For almost 38 years, the Normandale garden has cast its spell, nestled between the brick-and-glass buildings of Normandale Community College and an unexpectedly vast marshland in the middle of the state’s fifth-largest city.
This weekend, the garden will host its first Japanese Garden Festival with drummers, dancers, musicians, archers, sword demonstrations and food. The Saturday event, coordinated by Hara, aims to reinvigorate fundraising efforts that fell by the wayside in recent years as the college began extensive renovations to its campus. The nearby construction work made the garden less tranquil, but also eliminated a space for the famed annual sukiyaki dinners that bolstered the budget. (Kimi Hara’s recipe for the beef hot pot ended with the words: “Serves 1,000.”)
There’s no sukiyaki anymore — it’s difficult to find enough quality beef for a certain price, Hara said — but the spirit endures of preserving the garden as one of the most accessible aspects of Japanese culture. Still, at 36, Hara said he’s the youngest by far of the festival’s organizers.
“I know the reasons I come to the garden,” he said. “For other people, I hope they find their reason to contribute.”
The garden has been there longer than Hara has been alive. He remembers at community gatherings how “somebody was always coming up to my grandmother to say hello to her,” he said. “She just had that profile associated with the garden.”
Kimi Hara, who died in 2007, was among 120,000 Americans of Japanese descent living in the United States when Pearl Harbor was attacked in 1941, and who faced being placed in internment camps. As a nurse, she had the opportunity to relocate to the Midwest where such professional skills were needed. With two suitcases to her name, she landed in Minneapolis. A few years later, she helped found the Twin Cities Chapter of the Japanese-American Citizen League, and later the Japan America Society of Minnesota.
Apart, yet still connected
As one strolls through the garden, the world can seem quite distant, and yet never is far away.
The bentendo, the small six-sided building on the largest of three islands, was built with money raised by Japanese veterans of the Military Intelligence Service language school, who were stationed at Fort Snelling decoding messages. They donated the money in appreciation of the welcoming atmosphere they felt in Minnesota, Hara said.
The garden’s architect, Takao Watanabe, followed the principle of shakkei, or “borrowed scenery,” in which a garden incorporates a view of features outside the garden, such as hills or trees. In this case, it’s the expanse of marsh to the north, which has been preserved over the decades.
“We haven’t done anything to block the view of the outside world,” said Hara, of Minneapolis, adding that the garden remains true to its origins. “It’s been maintained in accordance with the philosophy of the designer.”
Taken at face value, the garden is simply lovely, and a popular backdrop for weddings and other events; reservation fees help support its care.
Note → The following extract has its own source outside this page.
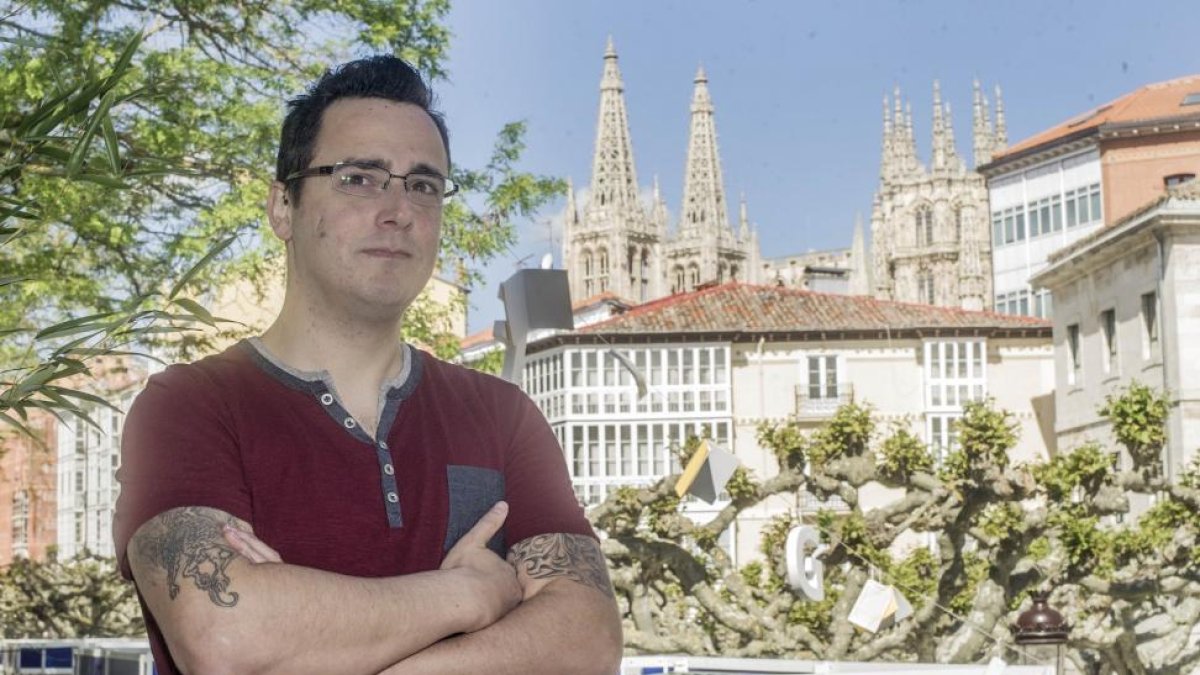 Guillermo, burgalés de 35 años, que fue acogido por una familia.-ISRAEL L. MURILLO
But bolstered with a bit of background, deeper meanings emerge.
The pointed rock at the base of the waterfall symbolizes a carp gazing upward, depicting the legend of a fish’s belief that if it only could ascend the waterfall, it would turn into a dragon, illustrating the value of perseverance. The zig-zag angle of a bridge is to keep evil from following you across since it can only follow a straight line.
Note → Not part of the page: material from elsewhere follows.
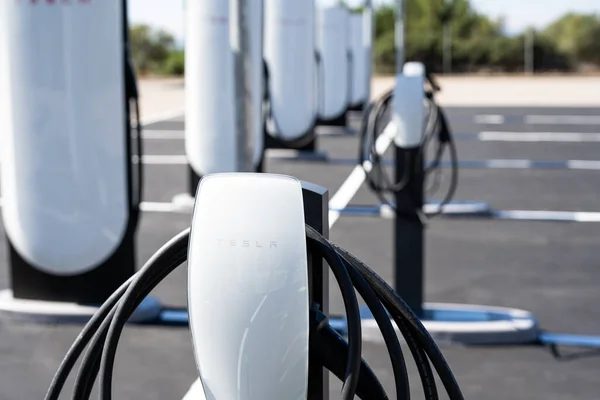 타라고나 스페인 2023년 27일 자동차 충전소 Tesla Supercharger — 스톡 사진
The Normandale garden, which is maintained by the college, also bolstered Minnesota horticulture when architect Watanabe realized that no cherry trees were hardy enough to bloom here. In 1984, 24 seedlings from seeds collected from Hokkaido, Japan’s northernmost island, were sent here and nurtured.
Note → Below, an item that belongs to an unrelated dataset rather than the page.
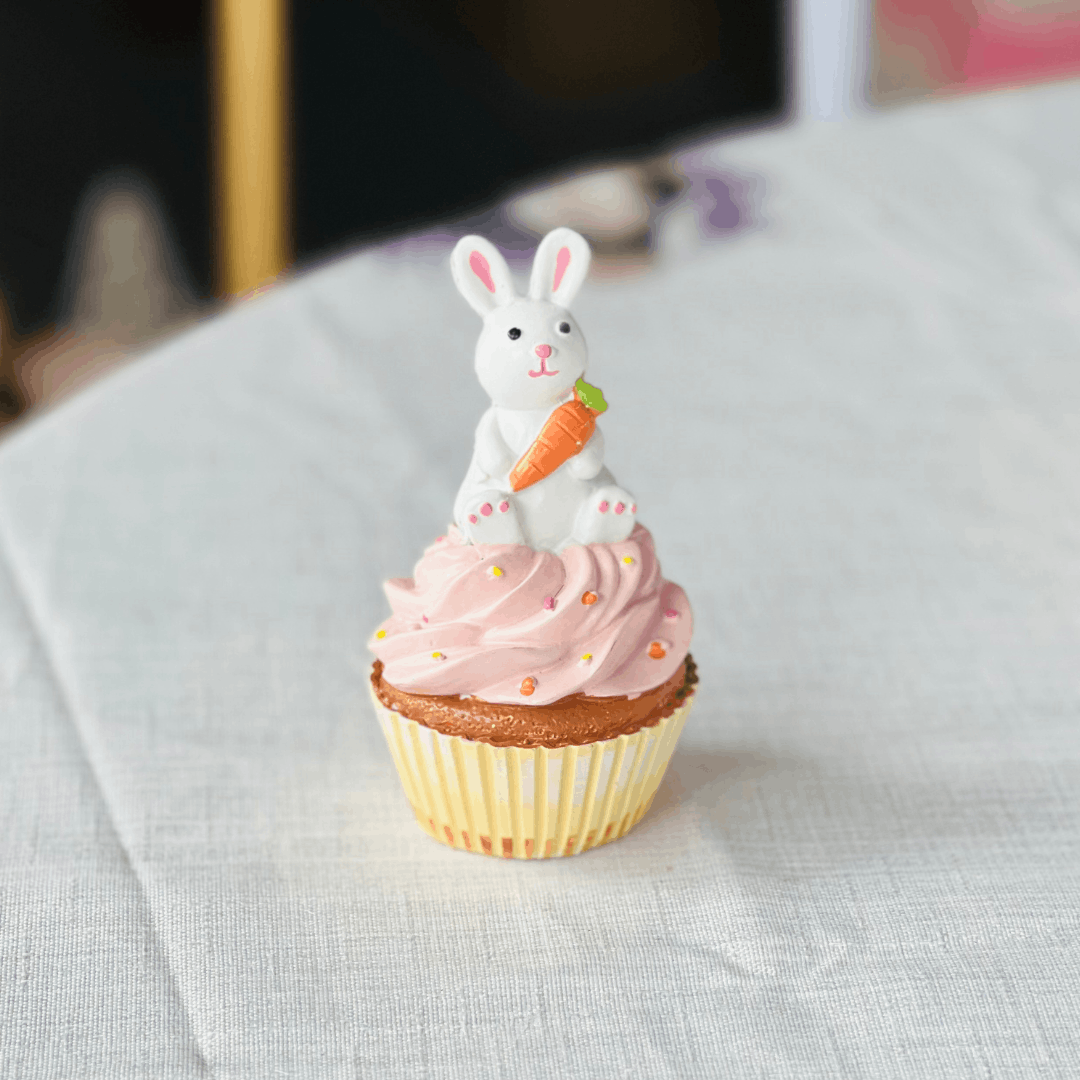Cupcake Rosa Com Coelhinho de Resina 11,5x6,4x6,1cm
A single variety survived, one that had abundant blossoms, but also hardiness. ‘Spring Wonder’ now is propagated widely and sold in garden centers. The “mother” tree is planted prominently just outside the stucco wall that shelters the garden, with seven of its children within the garden.
Two years ago, the government of Japan commended the Japanese Garden Committee for its efforts in making such a cherry tree a part of American gardens.
For all the impulse to escape into the otherworldliness of such gardens, the cherry tree serves as a gentle reminder that real life also must be kept within view.